(RECORDS FOR PROCESSING begins)
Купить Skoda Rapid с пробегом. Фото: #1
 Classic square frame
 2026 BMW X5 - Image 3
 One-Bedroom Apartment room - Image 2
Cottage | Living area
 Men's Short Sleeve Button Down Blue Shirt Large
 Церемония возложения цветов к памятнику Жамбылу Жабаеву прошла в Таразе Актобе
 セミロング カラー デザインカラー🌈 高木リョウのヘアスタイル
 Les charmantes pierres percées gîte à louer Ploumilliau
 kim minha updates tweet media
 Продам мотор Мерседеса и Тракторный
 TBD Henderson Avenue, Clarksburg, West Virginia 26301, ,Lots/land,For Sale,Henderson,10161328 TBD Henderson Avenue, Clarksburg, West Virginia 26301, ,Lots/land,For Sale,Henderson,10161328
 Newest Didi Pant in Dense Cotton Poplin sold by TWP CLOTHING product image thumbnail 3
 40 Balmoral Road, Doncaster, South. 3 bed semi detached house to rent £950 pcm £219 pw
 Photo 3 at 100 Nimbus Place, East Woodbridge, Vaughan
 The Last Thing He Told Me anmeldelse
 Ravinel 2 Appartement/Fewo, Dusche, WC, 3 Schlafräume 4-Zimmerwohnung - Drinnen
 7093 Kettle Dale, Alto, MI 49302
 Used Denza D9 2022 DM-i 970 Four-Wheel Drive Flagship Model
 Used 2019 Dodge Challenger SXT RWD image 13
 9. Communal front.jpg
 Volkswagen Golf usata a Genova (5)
(RECORDS FOR PROCESSING ends)
● WHAT YOU WILL DO
In full and without alteration, retype the entries above.

● COMPLETED EXERCISE
Купить Skoda Rapid с пробегом. Фото: #1
 Classic square frame
 2026 BMW X5 - Image 3
 One-Bedroom Apartment room - Image 2
Cottage | Living area
 Men's Short Sleeve Button Down Blue Shirt Large
 Церемония возложения цветов к памятнику Жамбылу Жабаеву прошла в Таразе Актобе
 セミロング カラー デザインカラー🌈 高木リョウのヘアスタイル
 Les charmantes pierres percées gîte à louer Ploumilliau
 kim minha updates tweet media
 Продам мотор Мерседеса и Тракторный
 TBD Henderson Avenue, Clarksburg, West Virginia 26301, ,Lots/land,For Sale,Henderson,10161328 TBD Henderson Avenue, Clarksburg, West Virginia 26301, ,Lots/land,For Sale,Henderson,10161328
 Newest Didi Pant in Dense Cotton Poplin sold by TWP CLOTHING product image thumbnail 3
 40 Balmoral Road, Doncaster, South. 3 bed semi detached house to rent £950 pcm £219 pw
 Photo 3 at 100 Nimbus Place, East Woodbridge, Vaughan
 The Last Thing He Told Me anmeldelse
 Ravinel 2 Appartement/Fewo, Dusche, WC, 3 Schlafräume 4-Zimmerwohnung - Drinnen
 7093 Kettle Dale, Alto, MI 49302
 Used Denza D9 2022 DM-i 970 Four-Wheel Drive Flagship Model
 Used 2019 Dodge Challenger SXT RWD image 13
 9. Communal front.jpg
 Volkswagen Golf usata a Genova (5)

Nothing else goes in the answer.